2. Calculate the BLEU Score in Python

To calculate the score use the following lines of code:


candidate = 'it is dog'.split()
print('BLEU score -> {}'.format(sentence_bleu(reference, candidate)))

Output:

We get a perfect score of 1 as the candidate sentence belongs to the reference set. Let’s try another one.


candidate = 'it is a dog'.split()
print('BLEU score -> {}'.format(sentence_bleu(reference, candidate)))

Output:


BLEU score -> 0.8408964152537145

We have the sentence in our reference set, but it isn’t an exact match. This is why we get a 0.84 score.

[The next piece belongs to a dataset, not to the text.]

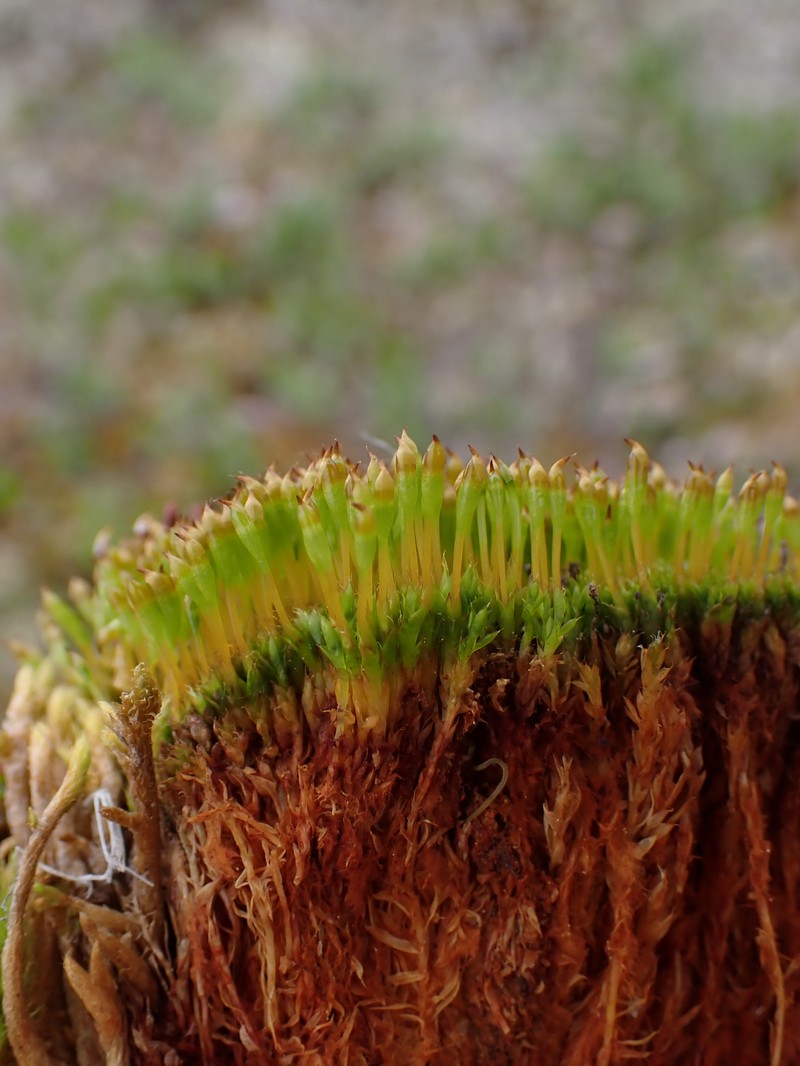 Pale Nitrogen Moss photo 6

3. Complete Code for Implementing BLEU Score in Python


from nltk.translate.bleu_score import sentence_bleu
reference = [
    'this is a dog'.split(),
    'it is dog'.split(),
    'dog it is'.split(),
    'a dog, it is'.split() 
]
candidate = 'it is dog'.split()
print('BLEU score -> {}'.format(sentence_bleu(reference, candidate)))

candidate = 'it is a dog'.split()
print('BLEU score -> {}'.format(sentence_bleu(reference, candidate)))

4. Calculating the n-gram Score

While matching sentences you can choose the number of words you want the model to match at once. For example, you can choose for words to be matched one at a time (1-gram). Alternatively, you can also choose to match words in pairs (2-gram) or triplets (3-grams).

In the sentence_bleu() function you can pass an argument with weights corresponding to the individual grams.

For example, to calculate gram scores individually you can use the following weights:

  • Individual 1-gram: (1, 0, 0, 0)
  • Individual 2-gram: (0, 1, 0, 0)
  • Individual 3-gram: (0, 0, 1, 0)
  • Individual 4-gram: (0, 0, 0, 1)

Python code for the same is given below:


from nltk.translate.bleu_score import sentence_bleu
reference = [
    'this is a dog'.split(),
    'it is dog'.split(),
    'dog it is'.split(),
    'a dog, it is'.split() 
]
candidate = 'it is a dog'.split()

print('Individual 1-gram: %f' % sentence_bleu(reference, candidate, weights=(1, 0, 0, 0)))
print('Individual 2-gram: %f' % sentence_bleu(reference, candidate, weights=(0, 1, 0, 0)))
print('Individual 3-gram: %f' % sentence_bleu(reference, candidate, weights=(0, 0, 1, 0)))
print('Individual 4-gram: %f' % sentence_bleu(reference, candidate, weights=(0, 0, 0, 1)))

Output:


Individual 1-gram: 1.000000
Individual 2-gram: 1.000000
Individual 3-gram: 0.500000
Individual 4-gram: 1.000000

By default, the sentence_bleu() function calculates the cumulative 4-gram BLEU score, also called BLEU-4. The weights for BLEU-4 are as follows:

Let’s see the BLEU-4 code:


score = sentence_bleu(reference, candidate, weights=(0.25, 0.25, 0.25, 0.25))
print(score)

Output:

That’s the exact score we got without the n-gram weights added.

Conclusion

This tutorial was about calculating the BLEU score in Python. We learned what it is and how to calculate individual and cumulative n-gram BLEU scores. Hope you had fun learning with us!